Stark Truss alleges that it was in a “privity-like relationship” with RP Oak Hill “based on their positions relative to the Project and . . . [RP Oak Hill's] course of conduct throughout the Project”. Complaint [1], ¶113. However, the plausibility of that allegation is undercut by the terms of the construction contract, which provides that it “shall not be construed to create a contractual relationship of any kind . . . between the Contractor and the Construction Manager”. [1-1] at 34, §1.1.2 (emphasis added). See also Garofalo Electric, 270 A.D.2d at 81 (contractor “failed to demonstrate the existence of a special relationship” with construction manager).
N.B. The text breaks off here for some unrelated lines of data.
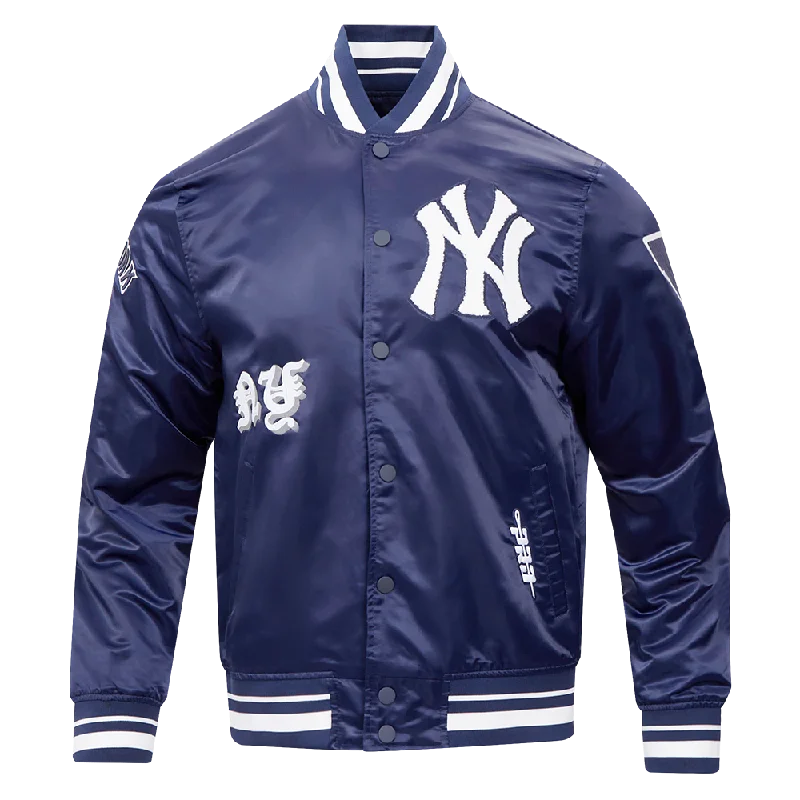 MLB NEW YORK YANKEES OLD ENGLISH MEN'S RIB SATIN JACKET (MIDNIGHT NAVY)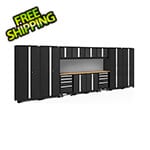 NewAge Garage Cabinets BOLD Series Black 14-Piece Set with Bamboo Top and Backsplash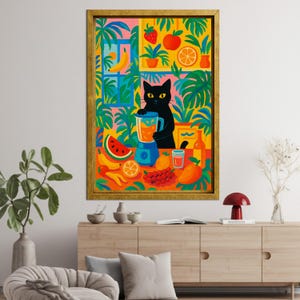 May include: A framed wall art print featuring a black cat using a blue blender surrounded by colorful tropical plants and various fruits including watermelon, bananas, oranges, strawberries, and mangoes in a vibrant, flat-style illustration.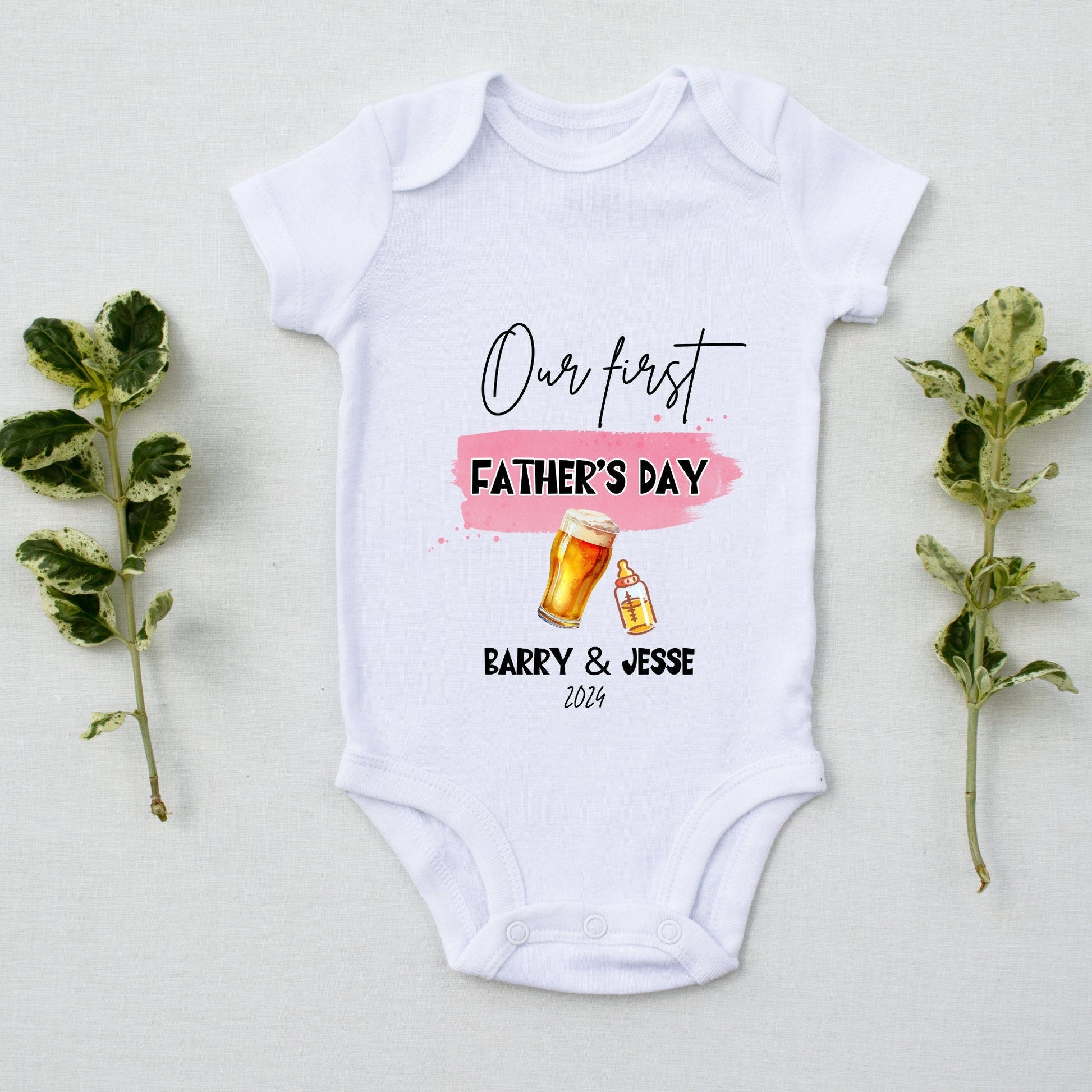 Personalised Dad & Kid Matching Shirts: Our First Father's Day Collection - Custom Cheers Dad & Baby Shirt Set!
In any event, the functional equivalent of privity doctrine requires reasonable reliance. See Travelers Casualty and Surety Co. v. Dormitory Authority - State of New York, 734 F.Supp.2d 368, 387 (S.D.N.Y. 2010) (“assuming arguendo that a material question of fact exists concerning whether TDX [the construction manager] and Trataros [the contractor] were in a near-privity relationship during the active construction phase of the Project, Travelers has not identified any misstatements made by TDX to Trataros . . . upon which Trataros reasonably relied to its detriment”). As previously discussed, the provisions of the construction contract preclude any claim of reasonable reliance upon RP Oak Hill's extra-contractual statements or actions. Therefore, Count VII of the Complaint should likewise be dismissed.
CONCLUSION
For these reasons, I recommend that RP Oak Hill's motion to dismiss [31] be granted, and that Counts IV-VII of the Complaint be dismissed, with prejudice.Unless otherwise ordered by Judge Sinatra, any objections to this Report and Recommendation must be filed with the clerk of this court by May 23, 2023. Any requests for extension of this deadline must be made to Judge Sinatra. A party who “fails to object timely . . . waives any right to further judicial review of [this] decision.” Wesolek v. Canadair Ltd., 838 F.2d 55, 58 (2d Cir. 1988); Thomas v. Arn, 474 U.S. 140, 155 (1985). Moreover, the district judge will ordinarily refuse to consider de novo arguments, case law, or evidentiary material which could have been, but were not, presented to the magistrate judge in the first instance. Patterson-Leitch Co. v. Massachusetts Municipal Wholesale Electric Co., 840 F.2d 985, 990-91 (1st Cir. 1988).
Although Stark Truss requests leave to amend if the motion is granted (Stark Truss's Memorandum of Law [47] at 25), leave need not be granted where amendment would be futile. See RP Oak Hill's Reply Memorandum [50] at 14.
The parties are reminded that, pursuant to Rule 72(b) and (c) of this Court's Local Rules of Civil Procedure, written objections shall “specifically identify the portions of the proposed findings and recommendations to which objection is made and the basis for each objection ... supported by legal authority”, and must include “a written statement either certifying that the objections do not raise new legal [or] factual arguments, or identifying the new arguments and explaining why they were not raised to the Magistrate Judge.” Failure to comply with these provisions may result in the district judge's refusal to consider the objections.